MASTERS: Still, agriculture has a large role in Iowa. It's America's top producer of corn and pork. Denny Friest has both on his farm, but he's also got a new cash crop - a few gigantic wind turbines planted in his fields.

DENNY FRIEST: They're running more and more all the time because there is a big demand here.

MASTERS: Almost 30 percent of Iowa's electricity is generated from wind, one of the biggest producers in the country. Friest is in his 60s now but has worked the land near the tiny central Iowa town Garden City since he was a kid.

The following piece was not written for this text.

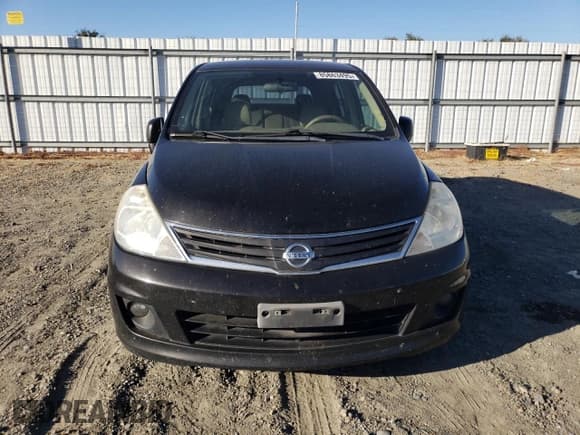 ✅ 2011 Nissan Versa S • VIN: 3N1BC1CP6BL510750 • Lot: 85863495. Wystawiony na Copart z przebiegiem 190 080 mil. Bezpłatny archiwum sprzedaży aukcyjnych z USA i szczegółowy raport historii pojazdu na DreamBid. Zdjęcie 5.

FRIEST: I, like a lot of people, like some of the things we used to have in the old days. But it's - some things - it's just - it's not going to go back to that because there's a lot more efficiencies in how we do things today.

MASTERS: Now two-thirds of Iowans live in cities and suburbs. Pollster J. Ann Selzer says if political campaigns buy in to the serotypes about Iowa and agriculture, they may limit their appeal to voters on caucus night.

J. ANN SELZER: If they broaden their scope and understand that Des Moines is the third-largest insurance capital on the planet, very white-collar, lots of people doing lots of different things, there's a whole other world besides ag. in Iowa.

MASTERS: For his part, Mike Draper of RAYGUN is hoping to capitalize on those stereotypes. He has a new line of T-shirts made especially for out-of-state media. One says, tell me about Iowa. You have to live here? - another misconception Draper often hears about Des Moines.

DRAPER: It's bigger than I thought. I mean, there's building here. We're like yeah, we've got buildings.